Adesso si è richiamati dagli ultimi echi musicali della terrazza di Zuma, il ristorante «oh, so chic!» fondato dello chef Rainer Becker, ispirato alla cucina giapponese informale stile izakaya e appena sbarcato qui dopo l’apertura di Roma. Oppure quelli del Meraviglioso, ristorante su tre piani con cucina firmata dallo stellato Andrea Berton e un’estensione di champagne-à-porter (qui in estate si entra in modalità «festa con musica e palloncini»: appuntamento al 2023). Nella boutique del luxury brand Larusmiani capita di incontrare Guglielmo Miani, che ne è presidente e a.d. (oltre che presidente di Montenapoleone district, ma questa è un’altra storia), il quale ha scelto di vivere a due passi da qui. O, almeno, di passarci più tempo possibile anche in questo periodo perché «ci sono moltissime cose da scoprire e passeggiate da fare, nell’entroterra o lungo la costa: un posto fantastico con cui entrare in contatto» dice a Panorama.

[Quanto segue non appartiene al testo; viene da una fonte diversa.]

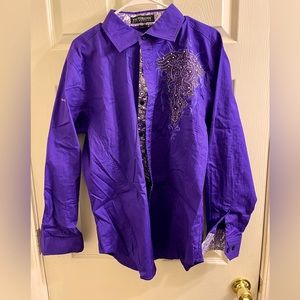 Rhinestone studded button down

E qualcosa inizia a muoversi nella direzione del prolungamento della stagione. Per esempio nel mondo dell’ospitalità, dove alcune delle strutture più iconiche ampliano seppur timidamente le loro aperture: il Pitrizza, il Romazzino, l’Hotel Cala di Volpe (disegnato da uno degli architetti demiurghi di questa zona, Jacques Couëlle). Lo storico Luci di La Muntagna si trova aperto in autunno. Nel cuore di Porto Cervo, l’Hotel Cervo arriva a inverno inoltrato, fino all’inizio dei lavori di ristrutturazione. Perché tra restyling e passaggi di mano, presto si annunceranno novità che faranno parlare: grandi catene dell’hôtellerie come Belmond, Four Seasons e Mandarin Oriental potrebbero subentrare alla guida di alcune delle suddette perle dell’ospitalità extralusso. Così si dice, si vedrà. Comunque niente distoglierà questa terra dalla sua magia.